חדש על המדף

חדש על המדף

Institutions and ethnic politics in Africa
Daniel N. Posner לקטלוג
Institutions and ethnic politics in Africa
This book presents a theory to account for why and when politics revolves around one axis of social cleavage instead of another. It does so by examining the case of Zambia, where people identify themselves either as members of one of the country's six dozen tribes or as members of one of its four principal language groups. The book accounts for the conditions under which political competition in Zambia revolves around tribal differences and the conditions under which it revolves around language group differences. Drawing on a simple model of identity choice, it shows that the answer depends on whether the country is operating under single-party or multi-party rule. During periods of single-party rule, tribal identities serve as the axis of electoral mobilization and self-identification; during periods of multi-party rule, broader language group identities play this role.
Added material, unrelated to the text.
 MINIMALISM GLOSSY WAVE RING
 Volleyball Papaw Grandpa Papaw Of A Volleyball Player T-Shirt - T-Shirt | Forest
The book thus demonstrates how formal institutional rules determine the kinds of social cleavage that matter in politics.

Daniel N. Posner is Assistant Professor of Political Science at UCLA. His research focuses on ethnic politics, regime change, and the political economy of development in Africa. He has published articles in numerous journal, and he has received grants and fellowships from the Russell Sage Foundation, The Harry Frank Guggenheim Foundation, and the Harvard Academy for International and Area Studies. In 2001-2 he was a National Fellow at the Hoover Institution at Stanford University. He is currently a Carnegie Scholar of the Carnegie Corporation of New York.